'[KinoSearch] positional scoring'

[prev in list] [next in list] [prev in thread] [next in thread] 

List:       kinosearch
Subject:    [KinoSearch] positional scoring
From:       marvin () rectangular ! com (Marvin Humphrey)
Date:       2007-07-10 2:14:25
Message-ID: B982504C-CE0B-4C97-9D84-5AFC17D15575 () rectangular ! com
[Download RAW message or body]


On Jul 9, 2007, at 4:05 PM, Nathan Kurz wrote:

Nathan, please forgive the brevity of my response... I'm beat...

> Hi Marvin ---
>
> I'm still trying to figure out how to architect the custom scoring  
> apparatus
> I want, and I could use someone to talk a little sense into me.  I
> fear I'm heading down a blind alley.  Since part of what I want could
> be viewed as a generic proximity scorer, it's possible you've already
> thought this through better than I've been able to.
>
> I started with what seemed like the reasonable assumption: I wanted a
> proximity scorer that was able to wrap itself around an existing
> scorer.  It would, for example, have an internal ANDNotScorer, which
> would run to produce matching documents.  The ANDNot scorer would make
> the positions of the matches available to its parent, and the
> ProximityScorer would use these positions to determine a score.  The
> alternative would be to have a more complex ProximityScorer, which
> finds the matching document as well as assessing the positions of the
> matches. It seemed cleaner and more flexible to keep each level
> simpler, but I'm finding it more complex to implement than I expected.

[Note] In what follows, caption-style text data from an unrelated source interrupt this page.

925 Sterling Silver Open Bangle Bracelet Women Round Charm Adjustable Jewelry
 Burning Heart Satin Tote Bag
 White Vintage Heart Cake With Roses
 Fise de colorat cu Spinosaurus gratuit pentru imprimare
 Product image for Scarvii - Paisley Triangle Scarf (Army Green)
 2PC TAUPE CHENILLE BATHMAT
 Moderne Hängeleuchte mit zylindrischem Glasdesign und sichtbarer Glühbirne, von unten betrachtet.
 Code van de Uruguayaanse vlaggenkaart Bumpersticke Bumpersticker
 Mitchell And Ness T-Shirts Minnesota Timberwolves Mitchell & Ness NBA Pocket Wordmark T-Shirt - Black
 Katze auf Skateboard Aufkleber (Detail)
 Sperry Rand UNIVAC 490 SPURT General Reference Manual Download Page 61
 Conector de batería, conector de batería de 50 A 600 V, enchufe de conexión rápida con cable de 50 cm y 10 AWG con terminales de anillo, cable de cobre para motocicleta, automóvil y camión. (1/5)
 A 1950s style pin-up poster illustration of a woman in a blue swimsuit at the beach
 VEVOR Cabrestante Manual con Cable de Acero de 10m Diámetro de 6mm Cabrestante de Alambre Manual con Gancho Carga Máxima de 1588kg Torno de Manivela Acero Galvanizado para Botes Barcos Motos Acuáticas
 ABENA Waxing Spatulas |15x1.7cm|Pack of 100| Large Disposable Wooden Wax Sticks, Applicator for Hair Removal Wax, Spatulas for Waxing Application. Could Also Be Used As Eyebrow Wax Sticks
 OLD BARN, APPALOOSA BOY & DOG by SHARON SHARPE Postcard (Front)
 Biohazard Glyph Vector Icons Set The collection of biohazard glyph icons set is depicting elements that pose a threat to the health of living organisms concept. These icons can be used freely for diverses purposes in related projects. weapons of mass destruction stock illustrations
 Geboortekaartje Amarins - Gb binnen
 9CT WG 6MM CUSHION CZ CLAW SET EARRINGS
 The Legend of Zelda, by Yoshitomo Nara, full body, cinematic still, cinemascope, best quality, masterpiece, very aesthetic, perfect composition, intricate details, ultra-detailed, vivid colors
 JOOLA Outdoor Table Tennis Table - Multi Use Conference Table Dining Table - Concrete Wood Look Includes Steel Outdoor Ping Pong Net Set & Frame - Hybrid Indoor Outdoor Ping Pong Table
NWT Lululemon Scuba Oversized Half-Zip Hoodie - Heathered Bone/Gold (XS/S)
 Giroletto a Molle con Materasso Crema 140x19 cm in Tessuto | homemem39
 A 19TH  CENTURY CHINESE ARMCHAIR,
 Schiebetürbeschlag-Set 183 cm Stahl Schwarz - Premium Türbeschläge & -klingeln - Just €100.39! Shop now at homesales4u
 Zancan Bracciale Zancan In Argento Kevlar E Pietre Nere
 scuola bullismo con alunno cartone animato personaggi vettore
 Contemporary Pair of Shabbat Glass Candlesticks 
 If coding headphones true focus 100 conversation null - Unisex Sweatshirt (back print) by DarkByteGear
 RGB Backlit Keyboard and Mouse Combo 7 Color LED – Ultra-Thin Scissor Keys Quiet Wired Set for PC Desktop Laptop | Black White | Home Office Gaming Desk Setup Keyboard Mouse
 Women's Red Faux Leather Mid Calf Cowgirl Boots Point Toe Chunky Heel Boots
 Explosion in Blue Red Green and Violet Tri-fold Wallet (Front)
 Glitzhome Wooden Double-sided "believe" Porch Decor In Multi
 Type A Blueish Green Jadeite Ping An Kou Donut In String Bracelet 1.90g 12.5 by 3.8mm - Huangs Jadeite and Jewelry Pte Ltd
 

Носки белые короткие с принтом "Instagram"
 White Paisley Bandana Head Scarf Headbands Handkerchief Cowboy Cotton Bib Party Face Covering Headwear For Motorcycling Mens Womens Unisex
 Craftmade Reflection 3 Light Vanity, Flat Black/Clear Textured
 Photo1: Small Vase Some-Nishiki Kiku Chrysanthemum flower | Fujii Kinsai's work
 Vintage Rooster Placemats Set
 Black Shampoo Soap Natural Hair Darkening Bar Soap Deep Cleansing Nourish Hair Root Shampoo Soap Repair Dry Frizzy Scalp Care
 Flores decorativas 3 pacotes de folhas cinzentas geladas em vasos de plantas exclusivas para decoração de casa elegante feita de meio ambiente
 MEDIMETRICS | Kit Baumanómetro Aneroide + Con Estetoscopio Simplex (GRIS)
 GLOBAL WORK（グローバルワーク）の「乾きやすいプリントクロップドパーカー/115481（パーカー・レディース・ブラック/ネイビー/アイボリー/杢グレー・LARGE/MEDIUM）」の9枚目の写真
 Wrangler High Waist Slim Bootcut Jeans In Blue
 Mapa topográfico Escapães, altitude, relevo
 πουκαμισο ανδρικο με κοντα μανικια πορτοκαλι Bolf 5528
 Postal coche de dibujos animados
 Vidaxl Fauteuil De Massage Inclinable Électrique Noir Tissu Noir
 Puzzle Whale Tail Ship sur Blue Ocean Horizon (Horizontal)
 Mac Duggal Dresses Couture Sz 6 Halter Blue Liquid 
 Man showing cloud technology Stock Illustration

Tally is the vessel that's intended to facilitate this.  Instead of  
just asking for scorer.score() as in Lucene, you ask for Scorer_Tally 
() in KS, which is supposed to be an extendable object for holding a  
score, a doc num, and any other relevant data -- such as arrays of  
matching positions.

The problem is that you need to keep separate positions arrays for  
each field.
>
> It's probably easiest to think about this in terms of the existing
> PhraseScorer, which currently takes the do-it-all approach.  What
> would it take to redesign PhraseScorer to so that rather than finding
> documents that contain all terms and then checking their positions, it
> would wrap an internal ANDScorer and just do the position checking?
> And what would be the benefits and costs of this approach?
>
> The main change would be that the ANDScorer would have to allow the
> parent PhraseScorer access to its children's position records.  In the
> simple case where the ANDScorer's children are TermScorers, this is
> fairly simple: it can just create a Positions array, with one element
> for each of its children[*].  But if the children are potentially
> complex (subphrases, for example), the ANDScorer must create a record
> that includes both the positions and the lengths of all its children's
> matches, otherwise the parent PhraseScorer will misjudge positions.
>
> The benefit of doing this would be that one can simplify some of the
> existing scorers and that it would be easier to add layers of
> encapsulating scorers.  It would make the layers more like building
> blocks that can be combined at will. The disadvantage would be that it
> is expensive to always create this composite position record.

Yes, absolutely true.  However, for individual TermScorers, we can  
use pointers to the original Posting from the PostingList, which has  
all the position data already.  It's only the aggregating scorers  
that need to build the composite position data.l

> One can
> avoid most of this expense by having a 'want_positions' flag that is
> set when the subscorer is created, but this starts adding complexity
> back.

I think it ought to be done with dedicated subclasses.

> One could also make the length records default to 1, so that
> existing position records can be used in situ.

I intentionally designed Posting with this application in mind...

>
> You mentioned you were interested in proximity scoring.  Is this a
> direction that interests you?  I think it has potential if one is
> trying to design a customizable search toolkit.  Or would I do better
> to concentrate on a solution that works well for the exact problem I'm
> trying to solve without trying to generalize it yet?  The generalized
> solution seems like a lot more work, and probably isn't worth doing
> unless you think it would be useful elsewhere.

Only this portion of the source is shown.